[SOLVED] float, byte-order, endianess

Dear All,

I need to transmit floats through an RS-485 connection. I have to send the float in the IEEE754 format as four bytes:

byte 1: SEEEEEEE
byte 2: EMMMMMMM
byte 3: MMMMMMMM
byte 4: MMMMMMMM

With: S = sign bit E = exponant bits M = Mantissa bits

The code is expected to run on ATmega32u4 (Leonardo), ATmega328 (Uno), ATmega328P (Duemilanove), Atmel SAM3X8E ARM Cortex-M3 (Due), PIC32MX320F128 (Chipkit Uno32), PIC32MX340F512H (Chipkit uC32), PIC32MX795F512 (chip kit Max32).

I believe that on all these platforms, the float is 32-bits.
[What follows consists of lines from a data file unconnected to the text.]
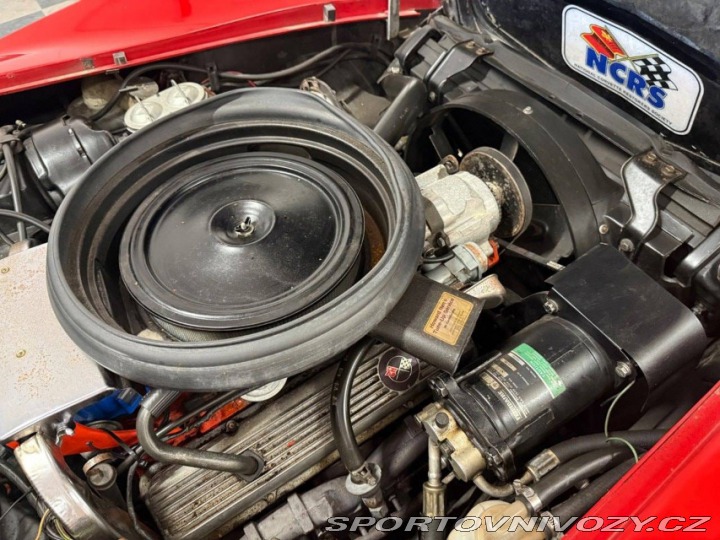 Chevrolet Corvette C3 1974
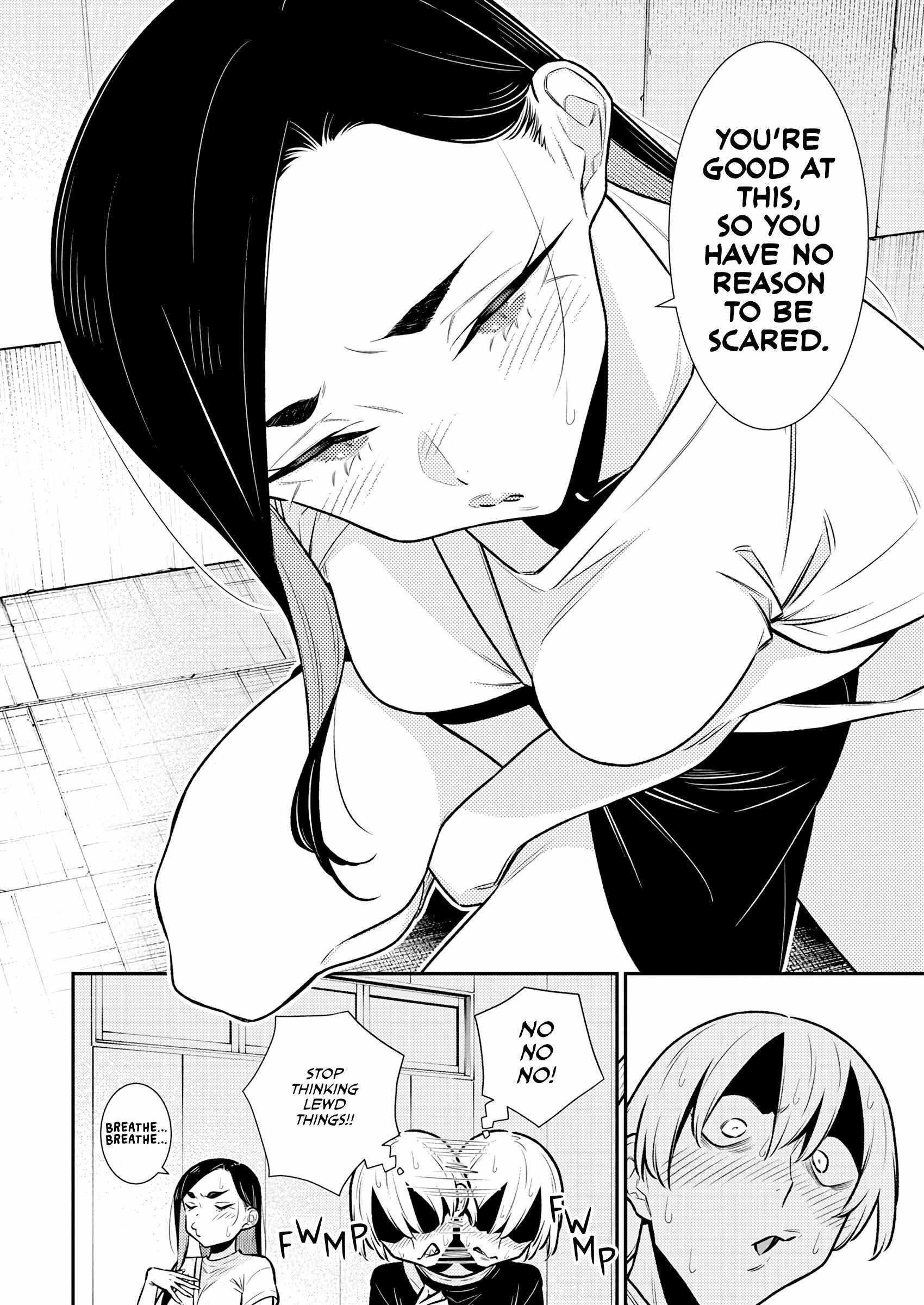 Yancha Gal no Anjou-san Chapter 172 - Page 4
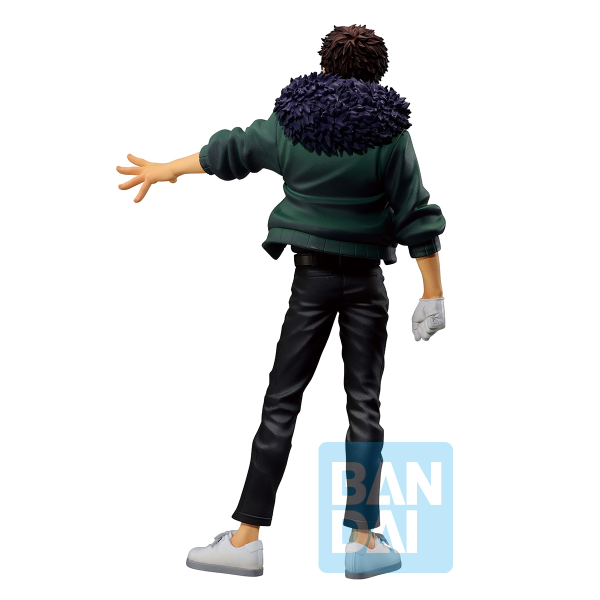 BANDAI Spirits Overhaul (Bright Future) "My Hero Academia", Bandai Spirits Ichibansho Figure(4573102658326)(4573102658326)
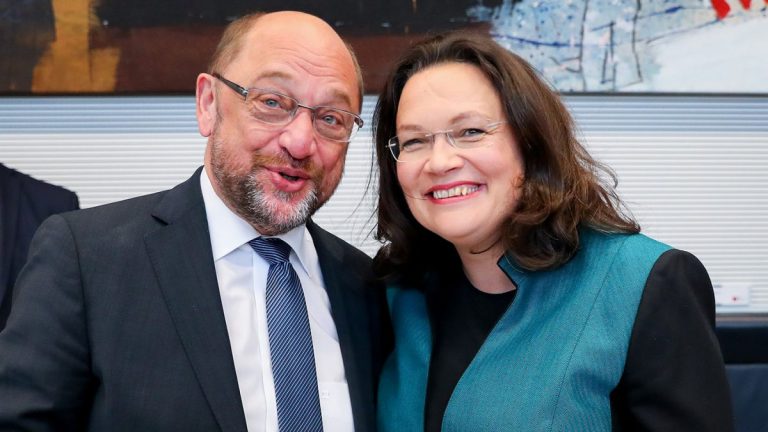 Martin Schulz demisionează de la conducerea SPD şi va fi înlocuit de o femeie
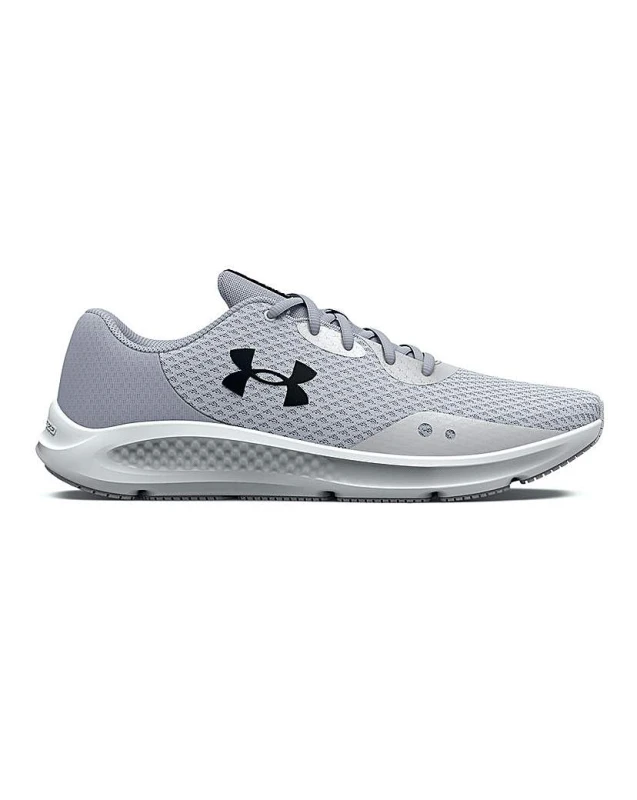 Image of Under Armour Under Armour Charged Pursuit 3 Trainers Grey Female 7 MR74204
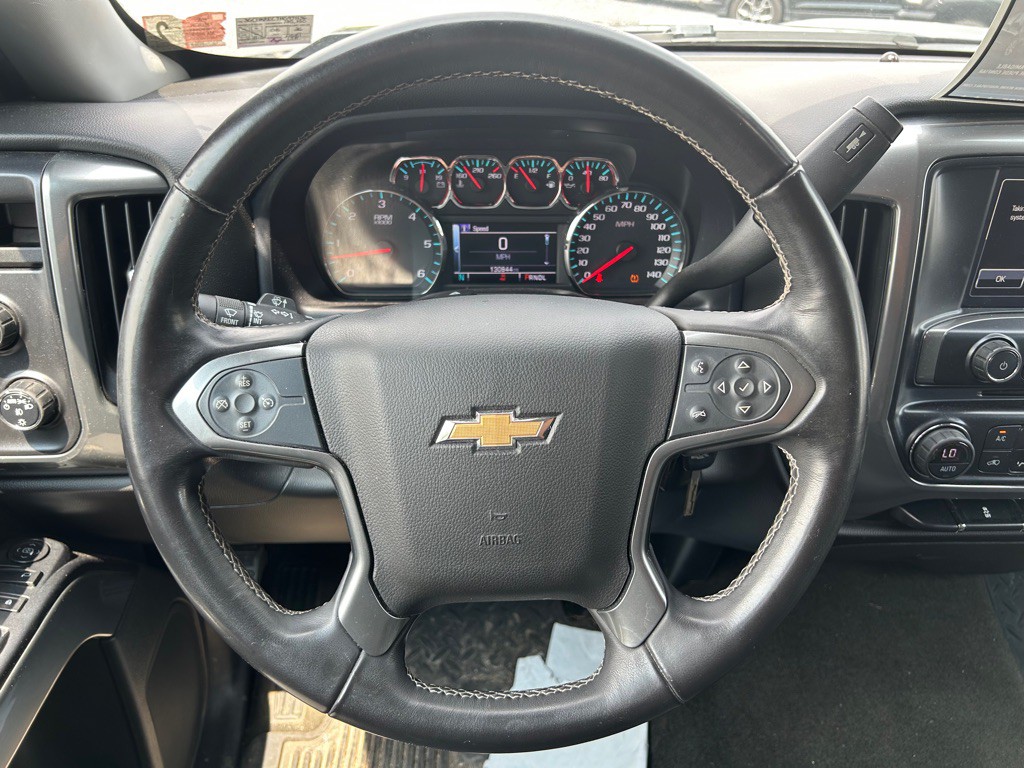 2017 Chevrolet Silverado 1500 Image 9
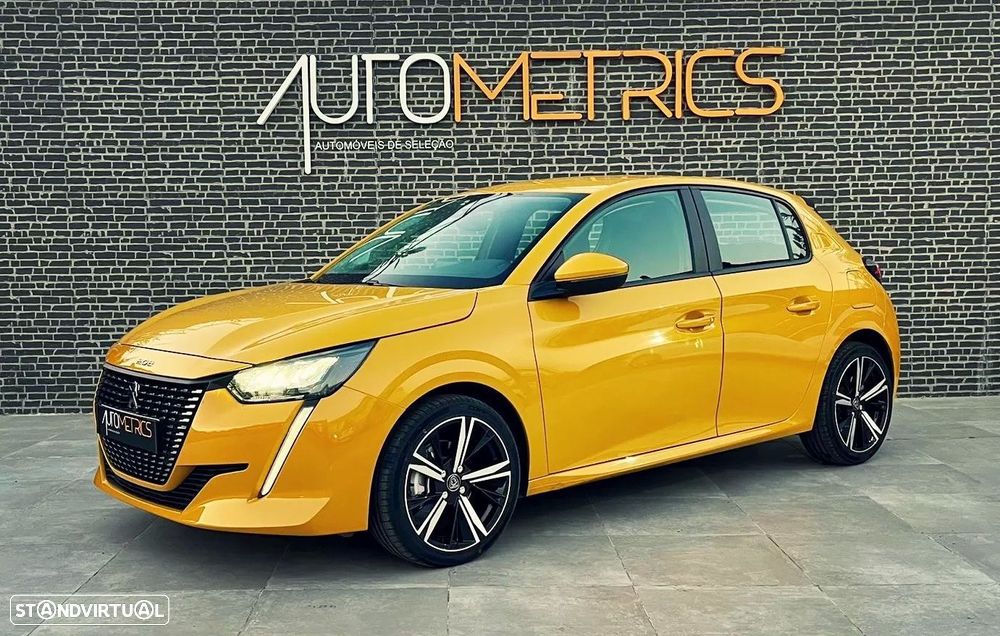 Peugeot 208 1.5 BlueHDi Active Pack - 5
So I only need to figure out the endianess of the platform and either declare a union :

union {
    float number;
    byte[4] number_bytes;
}

or cast an array:

byte* number_bytes = (byte*)&number;

My issue is:

How do I know, at compile-time, the endianess of the platform, so that I can act properly?

Thank you for your help.

They’re all little-endian.
In theory, modern gcc defines assorted predefined symbols:

 /usr/local/CrossPack-AVR-20121207/bin/avr-gcc -dM -E - < /dev/null | grep -i end
#define __ORDER_LITTLE_ENDIAN__ 1234
#define __FLOAT_WORD_ORDER__ __ORDER_LITTLE_ENDIAN__
#define __ORDER_PDP_ENDIAN__ 3412
#define __ORDER_BIG_ENDIAN__ 4321
#define __BYTE_ORDER__ __ORDER_LITTLE_ENDIAN__

However, the gcc used with arduino, due, and mpide doesn’t seem to support those :frowning:

Thank you very much for your reply.

I figured out, the safest way to do it, is for me to detect endianess at runtime during RS-485 protocol class initialization. It adds a little more code, is a little bit slower, but the extra work caused by the additional if-condition does not register compared to the slowness of serial communication. To that end, I cast a byte[4] over an int.
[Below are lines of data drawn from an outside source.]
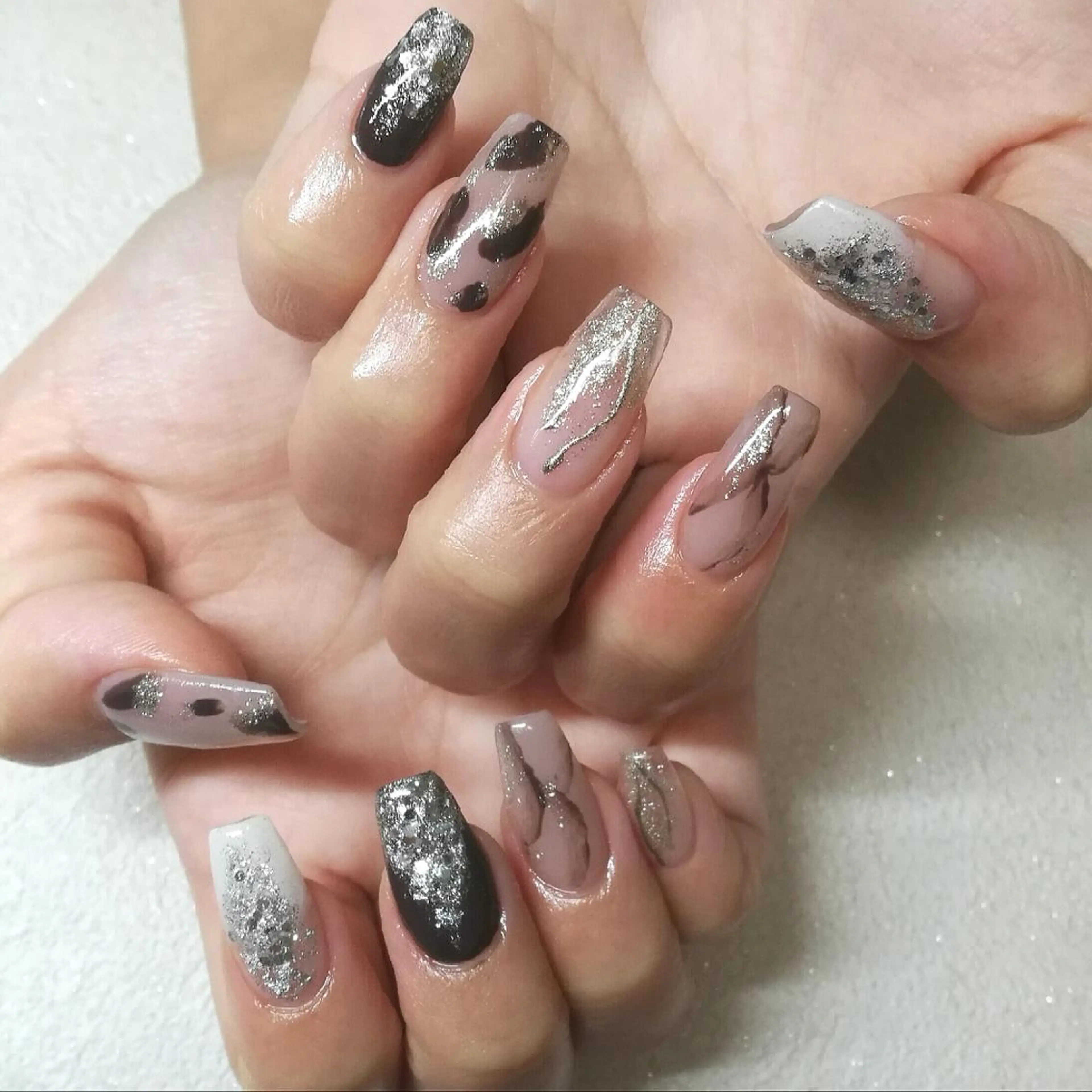 ネイル ハンドネイル private nailsalonのネイルデザイン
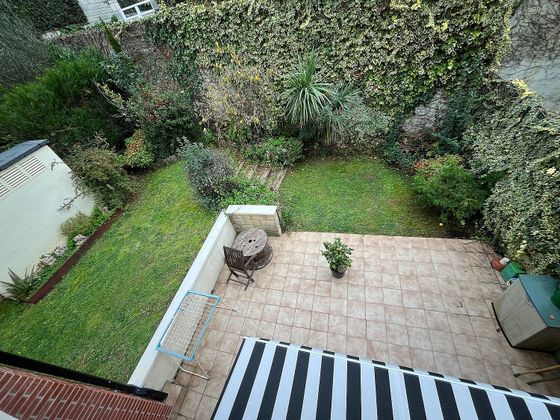 Foto 1 de Casa adossada en venda a Gorliz de 4 habitacions amb terrassa i jardí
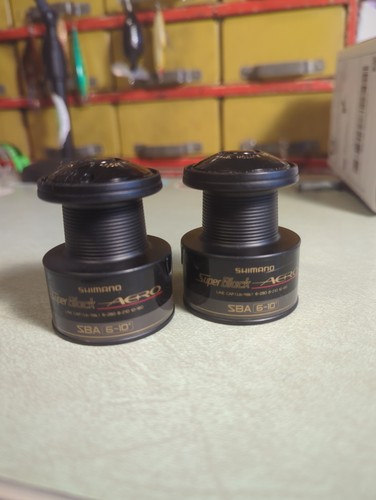 Shimano super black aero - 2,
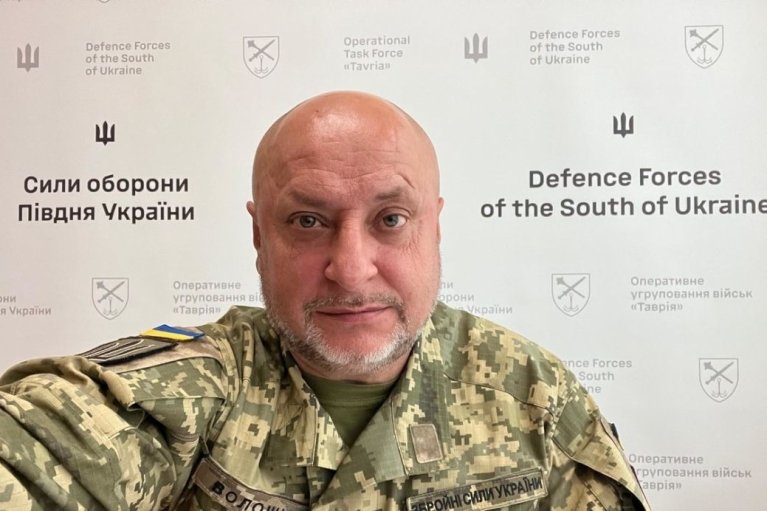 Армия РФ сменила тактику на юге Украины
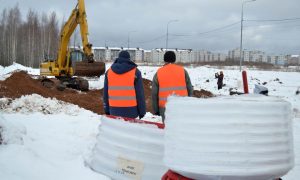 Устройство детской площадки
Namaan: To that end, I cast a byte[4] over an int.

int is 2 bytes on AVR.

I would think that if you want to discover the endianness of a float, you should place a specific float constant in your union, then test the actual bytes against known hex constants. This would also verify at runtime that the float format is in fact IEEE 754.

Gardner is right. Also, testing a float instead of an int protects you against multiple-endian systems, on which the endianess of the an int can be different from that of a float.
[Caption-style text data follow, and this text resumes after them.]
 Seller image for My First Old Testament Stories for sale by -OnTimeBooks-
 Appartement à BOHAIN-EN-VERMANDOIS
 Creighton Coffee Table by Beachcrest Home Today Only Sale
I personally wouldn't be sending floats in binary form from one computer to another, particularly if they are from different manufacturers or are using different library bases. There is no guarantee that the underlying format will be identical (even if you solve the endianness problem).

A couple of reasonable alternatives would be send a long (4 bytes) with suitable implied scaling (eg. divide by 1000) to get the floating representation back. Or you could send BCD-encoded data.

Thank you for your replies.
Gardner, Jean Suisse: Thank you for this excellent idea. I have implemented it and it works perfectly.
Nick Gammon: This is a nice idea. I have considered it for a time. But I would like to be more abstract and versatile. I should be able to transmit any value through the RS-485 connection. Plus, I already have a large range (1E3 to 1E-11) that make this option only valid if I transmit the long as well as a power of 10 in a byte for instance. To do so, I have to compute them on the board, which increases the work load.

Eventually, I went for:

FLOATS
– IEEE754 float network format, 32 bits
– Dynamic endianess detection at startup for floats, using floats

INTS
– 32 bit int network format
– Compile-time int size detection
– Dynamic int endianess detection using int.

This works fine with AVR, PIC32 and ARM. Communication has only been tested between an arduino-like board and a intel MAC running an Objective-C application designed and built with Xcode.

Thank you all for your help in this part of the project. I am deeply grateful.

This works fine with AVR, PIC32 and ARM.

Are any of those big-endian? ARM and MIPS (PIC32) have some chips that can be operated either big-endian or little-endian, but I don't think those have filtered down to the microcontroller-sized chips.